━━ Records supplied

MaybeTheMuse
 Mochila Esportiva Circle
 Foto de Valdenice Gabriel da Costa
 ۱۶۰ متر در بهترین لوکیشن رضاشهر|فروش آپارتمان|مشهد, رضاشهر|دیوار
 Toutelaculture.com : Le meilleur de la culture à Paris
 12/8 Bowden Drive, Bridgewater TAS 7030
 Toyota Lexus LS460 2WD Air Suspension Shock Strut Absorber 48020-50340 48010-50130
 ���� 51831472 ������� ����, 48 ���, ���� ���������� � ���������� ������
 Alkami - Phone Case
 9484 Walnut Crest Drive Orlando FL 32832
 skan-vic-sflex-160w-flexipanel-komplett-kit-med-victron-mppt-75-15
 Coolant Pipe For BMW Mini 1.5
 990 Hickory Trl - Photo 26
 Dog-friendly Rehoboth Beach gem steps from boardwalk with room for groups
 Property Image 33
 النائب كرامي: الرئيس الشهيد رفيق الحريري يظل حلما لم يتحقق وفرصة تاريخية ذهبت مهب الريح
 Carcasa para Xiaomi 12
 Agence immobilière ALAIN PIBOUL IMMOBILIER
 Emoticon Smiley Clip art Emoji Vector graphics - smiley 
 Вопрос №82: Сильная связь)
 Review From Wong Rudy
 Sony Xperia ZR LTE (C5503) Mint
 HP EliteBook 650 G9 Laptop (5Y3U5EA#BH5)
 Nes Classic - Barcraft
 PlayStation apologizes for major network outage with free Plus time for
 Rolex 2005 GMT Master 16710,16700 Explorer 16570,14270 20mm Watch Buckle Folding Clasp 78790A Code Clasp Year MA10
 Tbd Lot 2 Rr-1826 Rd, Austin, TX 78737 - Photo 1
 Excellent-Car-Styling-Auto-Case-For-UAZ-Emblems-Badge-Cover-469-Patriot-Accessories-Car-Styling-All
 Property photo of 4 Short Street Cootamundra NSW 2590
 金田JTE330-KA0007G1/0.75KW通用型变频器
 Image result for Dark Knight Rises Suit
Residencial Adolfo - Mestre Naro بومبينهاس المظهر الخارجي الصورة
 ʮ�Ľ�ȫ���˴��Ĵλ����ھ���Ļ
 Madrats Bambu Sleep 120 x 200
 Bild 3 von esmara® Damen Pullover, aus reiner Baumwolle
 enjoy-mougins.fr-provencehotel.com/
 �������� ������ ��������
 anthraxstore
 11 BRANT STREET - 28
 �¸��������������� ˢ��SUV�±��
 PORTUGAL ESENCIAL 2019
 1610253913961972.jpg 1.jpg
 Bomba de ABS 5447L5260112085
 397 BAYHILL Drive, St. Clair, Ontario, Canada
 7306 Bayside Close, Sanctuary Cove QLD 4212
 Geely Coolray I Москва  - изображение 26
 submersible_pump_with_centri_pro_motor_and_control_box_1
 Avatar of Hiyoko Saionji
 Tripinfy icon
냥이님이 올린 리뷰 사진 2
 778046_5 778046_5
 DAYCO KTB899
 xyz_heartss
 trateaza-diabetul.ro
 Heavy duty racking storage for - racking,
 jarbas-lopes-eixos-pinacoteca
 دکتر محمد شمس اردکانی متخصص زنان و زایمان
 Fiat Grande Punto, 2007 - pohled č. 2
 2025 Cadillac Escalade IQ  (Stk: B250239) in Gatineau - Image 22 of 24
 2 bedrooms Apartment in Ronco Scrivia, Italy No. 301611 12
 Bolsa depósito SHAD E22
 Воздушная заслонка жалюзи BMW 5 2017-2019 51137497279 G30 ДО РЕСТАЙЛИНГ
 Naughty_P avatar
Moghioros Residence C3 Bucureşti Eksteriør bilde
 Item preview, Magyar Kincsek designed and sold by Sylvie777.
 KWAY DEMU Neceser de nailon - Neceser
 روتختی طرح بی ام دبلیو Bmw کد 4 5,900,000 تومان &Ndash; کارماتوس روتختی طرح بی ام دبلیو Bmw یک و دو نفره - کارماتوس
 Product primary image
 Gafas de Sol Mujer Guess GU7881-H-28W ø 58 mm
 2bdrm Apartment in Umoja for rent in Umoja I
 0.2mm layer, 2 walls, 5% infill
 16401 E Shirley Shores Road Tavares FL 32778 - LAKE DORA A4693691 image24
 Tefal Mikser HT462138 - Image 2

━━━━

-- Exercise details --
Would you output, from the records above, exactly the run of lines that starts at the line containing "Foto de Valdenice Gabriel da Costa" and ends at the line containing "Coolant Pipe For BMW Mini 1.5", and only that run?

-- Response to the exercise --
 Foto de Valdenice Gabriel da Costa
 ۱۶۰ متر در بهترین لوکیشن رضاشهر|فروش آپارتمان|مشهد, رضاشهر|دیوار
 Toutelaculture.com : Le meilleur de la culture à Paris
 12/8 Bowden Drive, Bridgewater TAS 7030
 Toyota Lexus LS460 2WD Air Suspension Shock Strut Absorber 48020-50340 48010-50130
 ���� 51831472 ������� ����, 48 ���, ���� ���������� � ���������� ������
 Alkami - Phone Case
 9484 Walnut Crest Drive Orlando FL 32832
 skan-vic-sflex-160w-flexipanel-komplett-kit-med-victron-mppt-75-15
 Coolant Pipe For BMW Mini 1.5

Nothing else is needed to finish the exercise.